--- PROBLEM DESCRIPTION ---
Go through the entries and say how many lines contain the string "Long". The number is the whole answer.

*** SUPPLIED RECORDS ***

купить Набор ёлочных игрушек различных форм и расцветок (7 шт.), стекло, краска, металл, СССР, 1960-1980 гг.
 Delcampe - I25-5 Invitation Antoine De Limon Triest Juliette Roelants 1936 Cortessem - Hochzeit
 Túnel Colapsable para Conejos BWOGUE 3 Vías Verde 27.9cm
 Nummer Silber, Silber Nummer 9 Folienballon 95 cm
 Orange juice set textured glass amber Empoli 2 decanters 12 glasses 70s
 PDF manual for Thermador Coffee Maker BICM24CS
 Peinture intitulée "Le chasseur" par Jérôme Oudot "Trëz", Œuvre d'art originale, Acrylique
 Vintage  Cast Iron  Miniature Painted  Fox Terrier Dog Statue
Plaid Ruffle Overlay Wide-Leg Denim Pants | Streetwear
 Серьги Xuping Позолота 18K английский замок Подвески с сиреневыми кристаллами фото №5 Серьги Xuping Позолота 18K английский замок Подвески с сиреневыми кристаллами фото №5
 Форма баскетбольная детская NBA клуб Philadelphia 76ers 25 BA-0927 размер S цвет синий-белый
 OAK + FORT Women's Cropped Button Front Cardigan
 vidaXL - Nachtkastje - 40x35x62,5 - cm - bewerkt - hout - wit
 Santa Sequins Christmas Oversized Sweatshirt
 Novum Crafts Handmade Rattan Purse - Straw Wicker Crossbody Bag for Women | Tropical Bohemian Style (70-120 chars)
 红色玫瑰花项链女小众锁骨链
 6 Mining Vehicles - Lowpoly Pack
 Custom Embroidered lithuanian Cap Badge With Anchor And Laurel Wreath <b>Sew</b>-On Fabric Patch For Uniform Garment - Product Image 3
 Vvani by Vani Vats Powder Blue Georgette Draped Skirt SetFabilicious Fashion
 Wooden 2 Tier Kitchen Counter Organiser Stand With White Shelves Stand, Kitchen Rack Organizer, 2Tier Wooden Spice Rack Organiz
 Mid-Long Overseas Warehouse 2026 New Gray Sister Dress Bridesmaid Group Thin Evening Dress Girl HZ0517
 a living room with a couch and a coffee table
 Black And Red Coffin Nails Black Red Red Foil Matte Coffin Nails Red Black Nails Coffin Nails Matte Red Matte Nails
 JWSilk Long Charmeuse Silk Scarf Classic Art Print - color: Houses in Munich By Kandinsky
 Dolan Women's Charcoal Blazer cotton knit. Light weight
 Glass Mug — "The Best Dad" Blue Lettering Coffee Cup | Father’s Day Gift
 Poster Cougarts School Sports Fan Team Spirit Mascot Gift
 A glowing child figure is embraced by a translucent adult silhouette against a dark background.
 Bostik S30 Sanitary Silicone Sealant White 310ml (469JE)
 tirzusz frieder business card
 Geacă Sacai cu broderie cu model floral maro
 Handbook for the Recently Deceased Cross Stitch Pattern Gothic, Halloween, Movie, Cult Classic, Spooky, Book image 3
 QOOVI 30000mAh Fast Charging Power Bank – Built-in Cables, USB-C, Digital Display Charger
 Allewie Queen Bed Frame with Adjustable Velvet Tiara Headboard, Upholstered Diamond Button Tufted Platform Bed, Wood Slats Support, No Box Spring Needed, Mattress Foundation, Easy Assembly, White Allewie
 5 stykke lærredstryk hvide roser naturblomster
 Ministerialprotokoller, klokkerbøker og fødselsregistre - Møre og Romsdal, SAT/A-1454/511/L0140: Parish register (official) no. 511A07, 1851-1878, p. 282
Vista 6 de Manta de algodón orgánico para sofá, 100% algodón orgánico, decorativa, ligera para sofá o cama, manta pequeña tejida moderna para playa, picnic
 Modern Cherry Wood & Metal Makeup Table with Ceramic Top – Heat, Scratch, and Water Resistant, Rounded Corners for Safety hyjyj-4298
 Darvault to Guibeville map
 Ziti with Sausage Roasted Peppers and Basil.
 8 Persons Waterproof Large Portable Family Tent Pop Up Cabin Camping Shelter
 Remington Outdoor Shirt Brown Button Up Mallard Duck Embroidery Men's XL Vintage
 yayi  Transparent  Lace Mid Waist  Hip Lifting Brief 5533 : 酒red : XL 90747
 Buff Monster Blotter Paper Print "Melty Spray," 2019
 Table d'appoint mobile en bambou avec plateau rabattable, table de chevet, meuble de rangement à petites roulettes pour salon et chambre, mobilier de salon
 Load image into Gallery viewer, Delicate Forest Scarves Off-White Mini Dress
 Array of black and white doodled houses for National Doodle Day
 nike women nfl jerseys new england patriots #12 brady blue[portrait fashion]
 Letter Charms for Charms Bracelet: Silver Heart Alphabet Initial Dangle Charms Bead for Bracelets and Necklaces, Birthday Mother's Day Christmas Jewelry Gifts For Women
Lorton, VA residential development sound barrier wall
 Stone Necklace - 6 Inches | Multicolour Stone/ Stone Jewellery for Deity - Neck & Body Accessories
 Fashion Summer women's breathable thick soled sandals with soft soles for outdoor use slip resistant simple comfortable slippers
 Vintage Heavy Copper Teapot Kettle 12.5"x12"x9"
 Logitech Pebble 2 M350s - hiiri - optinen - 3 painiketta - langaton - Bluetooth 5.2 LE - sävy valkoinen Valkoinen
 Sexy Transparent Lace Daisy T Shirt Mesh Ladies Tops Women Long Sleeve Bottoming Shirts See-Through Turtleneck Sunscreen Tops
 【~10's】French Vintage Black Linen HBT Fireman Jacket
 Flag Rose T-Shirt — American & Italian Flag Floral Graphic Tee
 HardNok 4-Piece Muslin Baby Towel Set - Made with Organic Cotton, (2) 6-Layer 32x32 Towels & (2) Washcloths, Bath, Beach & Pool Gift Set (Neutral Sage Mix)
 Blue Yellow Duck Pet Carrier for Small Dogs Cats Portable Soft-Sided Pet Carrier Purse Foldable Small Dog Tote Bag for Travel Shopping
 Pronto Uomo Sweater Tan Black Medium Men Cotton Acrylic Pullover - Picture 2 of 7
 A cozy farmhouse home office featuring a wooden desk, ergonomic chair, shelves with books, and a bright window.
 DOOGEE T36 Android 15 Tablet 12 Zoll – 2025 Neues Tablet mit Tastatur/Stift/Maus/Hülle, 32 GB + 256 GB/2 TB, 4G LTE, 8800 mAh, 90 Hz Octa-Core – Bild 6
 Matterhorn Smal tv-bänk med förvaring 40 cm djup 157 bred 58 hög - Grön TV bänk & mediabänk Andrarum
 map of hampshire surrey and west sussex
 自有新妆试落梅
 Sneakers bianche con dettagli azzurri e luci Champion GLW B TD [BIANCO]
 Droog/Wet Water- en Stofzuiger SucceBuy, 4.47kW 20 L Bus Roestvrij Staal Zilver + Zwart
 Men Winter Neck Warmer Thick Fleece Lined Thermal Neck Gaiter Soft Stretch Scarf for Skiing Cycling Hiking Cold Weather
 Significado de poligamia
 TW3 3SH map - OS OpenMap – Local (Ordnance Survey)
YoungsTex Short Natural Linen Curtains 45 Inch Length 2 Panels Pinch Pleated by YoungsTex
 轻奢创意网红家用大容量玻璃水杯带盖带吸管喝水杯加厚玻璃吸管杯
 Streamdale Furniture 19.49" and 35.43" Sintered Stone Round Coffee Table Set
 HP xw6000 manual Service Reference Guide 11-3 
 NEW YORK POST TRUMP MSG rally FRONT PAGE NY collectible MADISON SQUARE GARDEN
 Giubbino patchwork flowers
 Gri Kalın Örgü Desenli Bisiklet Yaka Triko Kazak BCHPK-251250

***

--- OUTPUT ---
3